Era idos de 2004, periferia de Belém, 10 da manhã. Nunca esquecerei. O céu estava claro, as gargalhadas estavam soltas e a menina que eu gostava – como sempre – não estava olhando pra mim. Um cenário tão normal para um evento tão grandioso. A vida tem mesmo dessas coisas. O locutor foi meu amigo malaco que discutia com outro amigo sobre quem era mais forte, Goku ou Vegeta (personagens do desenho Dragon Ball Z).
Foi no momento de discordância que ele bradou em alto e bom som essa dádiva da filosofia libertadora da malacagem, essa expressão que circunscreve a explosão hormonal do falo, esse portal rumo à maestria em forma de morfossintaxe do brio humano. Disse ele: “Meu ovo!!”
Passaram os dias e aquele dito não saía dos meus pensamentos. Era tão libertador. Você acabava com o argumento do adversário, fazia gol, dava um golpe, bastava dizer: meu ovo. Era um êxtase. Orgasmo.
Só que para dizer esta façanha, não haveria de ser para qualquer hora, teria que ser um momento potencialmente tenso. Nada de falar por falar. É algo sagrado. Portanto, ei de esperar o momento certo.

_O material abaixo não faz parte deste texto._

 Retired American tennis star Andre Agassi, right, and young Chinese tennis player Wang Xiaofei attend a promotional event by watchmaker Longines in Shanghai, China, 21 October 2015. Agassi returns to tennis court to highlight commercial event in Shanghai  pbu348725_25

Mas nunca vinha. Eu nunca conseguia entrar numa polêmica pra poder falar de meu ovo. Eu já andava na rua esperando entrar numa discussão. Poderia ser sobre o RexPa, sobre desenho ou peteca. Mas não rolava. A paz tratou de me cuidar e isso era angustiante.

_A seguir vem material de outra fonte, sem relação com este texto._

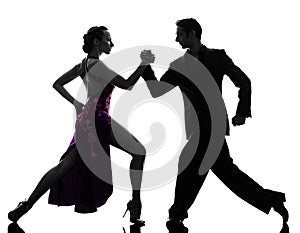 Couple man woman ballroom dancers tangoing silhouette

Já sem esperança, num belo dia de novembro chuvoso, eu era um dos melhores jogadores de futebol dos campos de terra-lama. Minha mãe passa por mim e diz: só vai jogar bola se a chuva passar, tu estavas doente.
Tum tum tum tum (batidas do coração)
Em um momento de desvaneio, de pura erupção de vontades censuradas por semanas, atendendo a instintos da natureza filosofal do ser, escapuliu-me: “Meu ovo”.

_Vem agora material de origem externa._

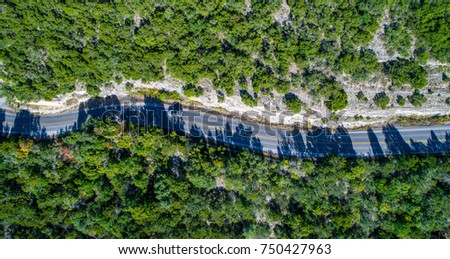 Aerial view looking down on curvy winding rural country road along mount Bonnell huge limestone cliffs in the Texas hill country traveling destination road trip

Dizem que poucos são os humanos que tiveram experiência de quase morte. Minha alma fugiu e me deixou sozinho. O universo encolheu. Expliquem, ateus, como posso estar aqui para dar este testemunho?
Não fui jogar bola. O coro esquentou. Mas eu aprendi que devemos controlar nossos impulsos. Se você discorda, vos digo: Meu… nada não.